Abstract

Lipopolysaccharide (LPS) has been associated with adverse developmental outcome, including intra-uterine fetal death (IUFD), intra-uterine growth retardation (IUGR) and neurological injury. In the LPS model, tumor necrosis factor alpha (TNF-α) is the major mediator leading to IUFD, IUGR and neurological injury. In the present study, we investigated the effect of maternally-administered LPS on TNF-α in maternal serum, amniotic fluid, fetal liver and fetal brain.
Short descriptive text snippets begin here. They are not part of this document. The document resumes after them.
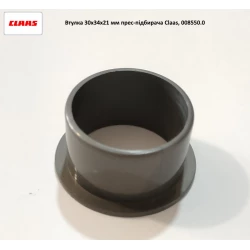 Втулка 30х34х21 мм на пресс-подборщик Claas, 008550.0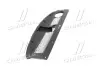 Накладка радиаторной решетки Hyundai/Kia/Mobis 86360C5000 (фото 2)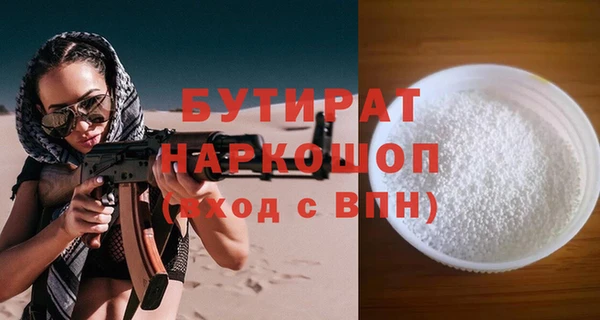 ешки Балахна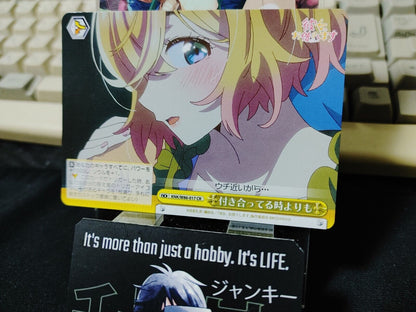 Weiss Mami Rent-A-Girlfriend KNK/W86-017 CR Rent a Girlfriend Japan Release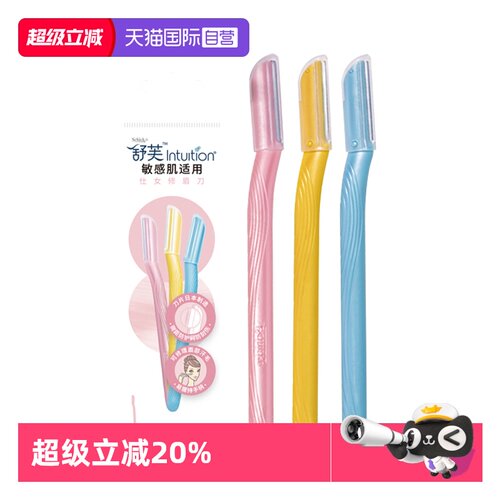 【自营】舒芙女士修眉刀剃眉刀眉毛修剪器安全便捷敏感肌用刮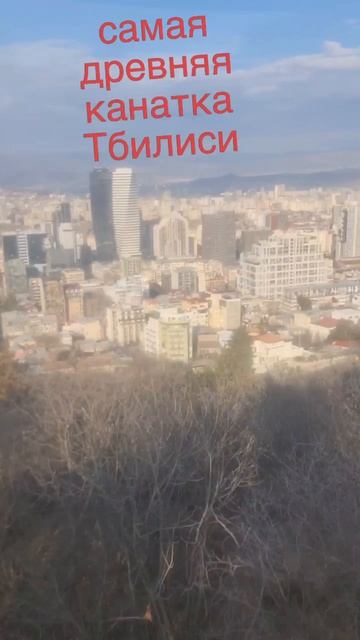 Самая древняя канатка Грузии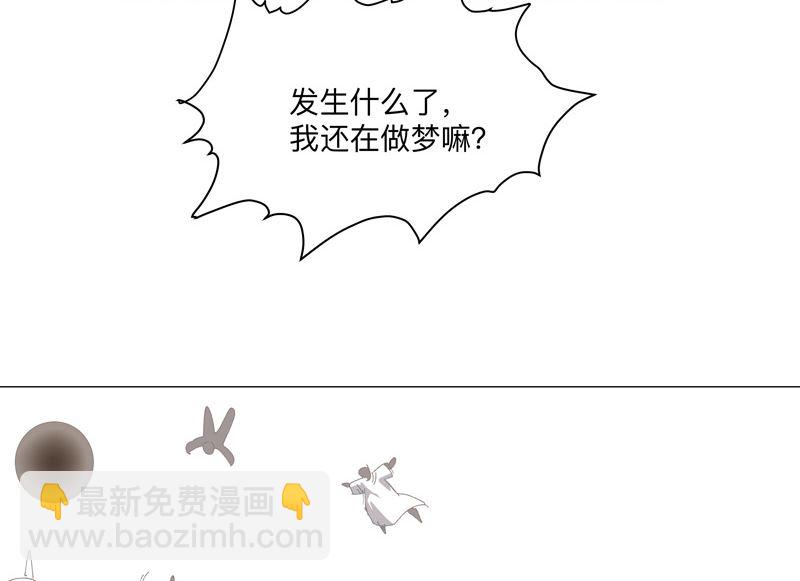 🍚修仙者大战超能力 第199话 这可是我领域 第18页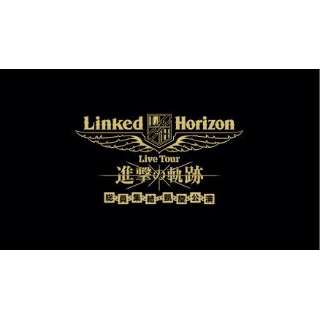 Linked Horizon Linked Horizon Live Tour 進撃の軌跡 総員集結 凱旋公演 初回盤 ブルーレイ ポニーキャニオン Pony Canyon 通販 ビックカメラ Com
The timed pregnant mice were intraperitoneally (i.p.) injected with a single dose of LPS (500 μg/kg) on gestational day 17. As expected, TNF-α was obviously increased in maternal serum and amniotic fluid in response to LPS. Although maternally-administered LPS also increased the level of TNF-α protein in fetal liver and brain, no significant difference in TNF-α mRNA level in fetal liver and brain was observed among different groups, suggesting that the increased TNF-α protein in fetal liver and brain may be transferred from either the maternal circulation or amniotic fluid or placenta. When the pregnant mice were pretreated with a low-dose LPS (10 μg/kg, i.p.) at 4, 12, 24 or 48 h before LPS (500 μg/kg, i.p.), LPS-evoked TNF-α in maternal serum and amniotic fluid was significantly inhibited. Importantly, low-dose LPS pretreatment also greatly attenuated LPS-induced increases in TNF-α protein in fetal liver and fetal brain. Taken together, these results indicate that perinatal exposure to low-dose LPS induces a reduced sensitivity to subsequent LPS challenge.